%%

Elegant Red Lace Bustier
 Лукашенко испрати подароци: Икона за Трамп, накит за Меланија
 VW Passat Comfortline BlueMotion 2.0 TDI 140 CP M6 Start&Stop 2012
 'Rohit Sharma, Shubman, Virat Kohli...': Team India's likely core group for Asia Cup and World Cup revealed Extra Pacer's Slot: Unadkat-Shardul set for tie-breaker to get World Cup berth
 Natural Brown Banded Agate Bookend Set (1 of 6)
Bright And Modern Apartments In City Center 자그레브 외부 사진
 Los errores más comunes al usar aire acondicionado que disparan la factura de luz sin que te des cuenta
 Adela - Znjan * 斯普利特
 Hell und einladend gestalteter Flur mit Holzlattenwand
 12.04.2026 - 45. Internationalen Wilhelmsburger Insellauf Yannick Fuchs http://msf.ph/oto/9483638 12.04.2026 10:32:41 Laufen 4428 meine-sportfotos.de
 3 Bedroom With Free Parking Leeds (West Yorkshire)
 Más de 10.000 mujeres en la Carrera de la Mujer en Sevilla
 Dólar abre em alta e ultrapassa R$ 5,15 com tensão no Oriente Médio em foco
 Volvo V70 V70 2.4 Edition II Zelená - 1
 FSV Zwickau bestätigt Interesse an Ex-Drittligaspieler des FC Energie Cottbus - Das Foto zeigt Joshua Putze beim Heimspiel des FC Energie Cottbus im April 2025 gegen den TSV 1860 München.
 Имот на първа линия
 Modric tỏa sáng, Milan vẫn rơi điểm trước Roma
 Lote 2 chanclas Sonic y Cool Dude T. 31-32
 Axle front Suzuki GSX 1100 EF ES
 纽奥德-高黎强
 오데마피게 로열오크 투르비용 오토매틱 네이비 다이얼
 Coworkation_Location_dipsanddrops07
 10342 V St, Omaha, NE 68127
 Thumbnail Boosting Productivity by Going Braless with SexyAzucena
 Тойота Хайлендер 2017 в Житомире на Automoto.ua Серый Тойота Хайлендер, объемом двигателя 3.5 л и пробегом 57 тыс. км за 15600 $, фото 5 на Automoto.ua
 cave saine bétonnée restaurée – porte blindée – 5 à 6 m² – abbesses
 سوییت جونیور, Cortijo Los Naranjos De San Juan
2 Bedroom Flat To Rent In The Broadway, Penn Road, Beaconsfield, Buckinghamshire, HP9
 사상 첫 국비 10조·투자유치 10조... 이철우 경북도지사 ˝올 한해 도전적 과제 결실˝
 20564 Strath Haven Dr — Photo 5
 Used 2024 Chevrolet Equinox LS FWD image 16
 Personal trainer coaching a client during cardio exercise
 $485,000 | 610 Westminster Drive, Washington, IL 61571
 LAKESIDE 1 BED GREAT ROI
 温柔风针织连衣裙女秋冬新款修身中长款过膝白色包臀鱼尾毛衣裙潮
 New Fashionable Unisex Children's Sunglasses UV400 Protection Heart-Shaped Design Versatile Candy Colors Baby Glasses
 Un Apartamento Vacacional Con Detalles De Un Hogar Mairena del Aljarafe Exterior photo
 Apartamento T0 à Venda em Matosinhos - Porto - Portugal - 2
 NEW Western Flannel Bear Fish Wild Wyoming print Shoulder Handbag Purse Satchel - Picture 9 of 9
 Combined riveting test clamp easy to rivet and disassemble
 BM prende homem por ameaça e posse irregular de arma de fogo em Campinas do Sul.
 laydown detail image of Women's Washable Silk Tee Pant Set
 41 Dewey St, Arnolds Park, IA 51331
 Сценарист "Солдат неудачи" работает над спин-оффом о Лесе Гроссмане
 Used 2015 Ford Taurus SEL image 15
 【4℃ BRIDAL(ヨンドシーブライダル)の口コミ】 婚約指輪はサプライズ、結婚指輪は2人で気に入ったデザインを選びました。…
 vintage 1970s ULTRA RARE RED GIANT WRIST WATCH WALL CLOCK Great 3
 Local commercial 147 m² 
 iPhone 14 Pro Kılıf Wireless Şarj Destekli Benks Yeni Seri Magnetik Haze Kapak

%%

*EXERCISE*. The answer is the line holding "Имот на първа линия" and all the lines after it through the end of the records, repeated exactly.

*EXERCISE OUTPUT*.
 Имот на първа линия
 Modric tỏa sáng, Milan vẫn rơi điểm trước Roma
 Lote 2 chanclas Sonic y Cool Dude T. 31-32
 Axle front Suzuki GSX 1100 EF ES
 纽奥德-高黎强
 오데마피게 로열오크 투르비용 오토매틱 네이비 다이얼
 Coworkation_Location_dipsanddrops07
 10342 V St, Omaha, NE 68127
 Thumbnail Boosting Productivity by Going Braless with SexyAzucena
 Тойота Хайлендер 2017 в Житомире на Automoto.ua Серый Тойота Хайлендер, объемом двигателя 3.5 л и пробегом 57 тыс. км за 15600 $, фото 5 на Automoto.ua
 cave saine bétonnée restaurée – porte blindée – 5 à 6 m² – abbesses
 سوییت جونیور, Cortijo Los Naranjos De San Juan
2 Bedroom Flat To Rent In The Broadway, Penn Road, Beaconsfield, Buckinghamshire, HP9
 사상 첫 국비 10조·투자유치 10조... 이철우 경북도지사 ˝올 한해 도전적 과제 결실˝
 20564 Strath Haven Dr — Photo 5
 Used 2024 Chevrolet Equinox LS FWD image 16
 Personal trainer coaching a client during cardio exercise
 $485,000 | 610 Westminster Drive, Washington, IL 61571
 LAKESIDE 1 BED GREAT ROI
 温柔风针织连衣裙女秋冬新款修身中长款过膝白色包臀鱼尾毛衣裙潮
 New Fashionable Unisex Children's Sunglasses UV400 Protection Heart-Shaped Design Versatile Candy Colors Baby Glasses
 Un Apartamento Vacacional Con Detalles De Un Hogar Mairena del Aljarafe Exterior photo
 Apartamento T0 à Venda em Matosinhos - Porto - Portugal - 2
 NEW Western Flannel Bear Fish Wild Wyoming print Shoulder Handbag Purse Satchel - Picture 9 of 9
 Combined riveting test clamp easy to rivet and disassemble
 BM prende homem por ameaça e posse irregular de arma de fogo em Campinas do Sul.
 laydown detail image of Women's Washable Silk Tee Pant Set
 41 Dewey St, Arnolds Park, IA 51331
 Сценарист "Солдат неудачи" работает над спин-оффом о Лесе Гроссмане
 Used 2015 Ford Taurus SEL image 15
 【4℃ BRIDAL(ヨンドシーブライダル)の口コミ】 婚約指輪はサプライズ、結婚指輪は2人で気に入ったデザインを選びました。…
 vintage 1970s ULTRA RARE RED GIANT WRIST WATCH WALL CLOCK Great 3
 Local commercial 147 m² 
 iPhone 14 Pro Kılıf Wireless Şarj Destekli Benks Yeni Seri Magnetik Haze Kapak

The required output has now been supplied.